◇4 問題児たちが異世界から来るそうですよ?にお気楽転生者が転生《完結》   作:こいし

82 / 107
男性にとって最悪な

 アンダーウッドの広場にて、二つの人影が対峙していた。

 

 片や長身の男性、その正体は幻獣ヒッポグリフであり、コミュニティ『二翼』の長であるグリフィス。その実力はこの階層であればそれ相応に高い。拳を握り、先程までは怒りに紅潮させていた顔を冷静に戻し、目の前の相手を叩きのめすことに集中している様だ。また、負けるわけがないという自信に充ち溢れた表情でもあった。

 

 対して、対峙してるのはグリフィスよりも頭二つは小さい少女。
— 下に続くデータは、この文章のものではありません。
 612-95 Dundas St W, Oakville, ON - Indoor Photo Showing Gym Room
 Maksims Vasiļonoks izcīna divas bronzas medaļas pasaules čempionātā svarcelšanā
ノーネームの非戦闘員であり、年長組を纏める頼れるお姉ちゃん、リリだ。薄ピンクの水着を身に纏い、内股で身を縮めている。そのくりくりっとした丸い瞳からは若干涙が滲み、その華奢な身体はプルプルと震えている。申し訳程度に握り締めたおたまが、今の彼女の心の支えだ。

 

 

 ――――勝負になるわけがない。

 

 

 誰もがそう思う。正直、リリと同じノーネームの耀や飛鳥でさえ無茶な戦いだと思っていた。だが、リリの後ろに佇む、この状況を作り出した張本人……珱嗄は普段通りゆらゆら楽しそうに笑っている。

 

「おおおぅおぅ珱嗄さん……! わ、わた、私っ……!」

「大丈夫だ、リリちゃんは一瞬であのアホヅラをぶっ飛ばしてやればいいんだ」

「出来ませんよっ」

 

 珱嗄に向かって涙を隠さずにあわあわと身振り手振りで無理だと告げるリリ。だが、珱嗄はどこ吹く風でそれを受け流す。遂にはうわーん! と泣きながらぽかぽかとおたまで珱嗄の胸板を叩く始末。最早周囲の目線は、同情というよりは悲哀の視線だった。

 

「それでは……始めても良いか?」

「いいよ」

 

 ヒッポグリフの部下に問われ、珱嗄が答える。リリの背中を押してグリフィスの前に差し出すと、リリはビクッと身体を震わせて硬直する。グリフィスも流石に可哀想に思えたのか、少し溜め息を付いていた。

 

「それでは………始め!」

 

 

 

 

 

 ――――刹那だった。

 

 

 

 

 

「え?」

 

 誰かが漏らしたそんな短い声。その一瞬後、轟音が轟く。その音は、グリフィスが立っていた場所の丁度背後にあった人混みから聞こえて来ていた。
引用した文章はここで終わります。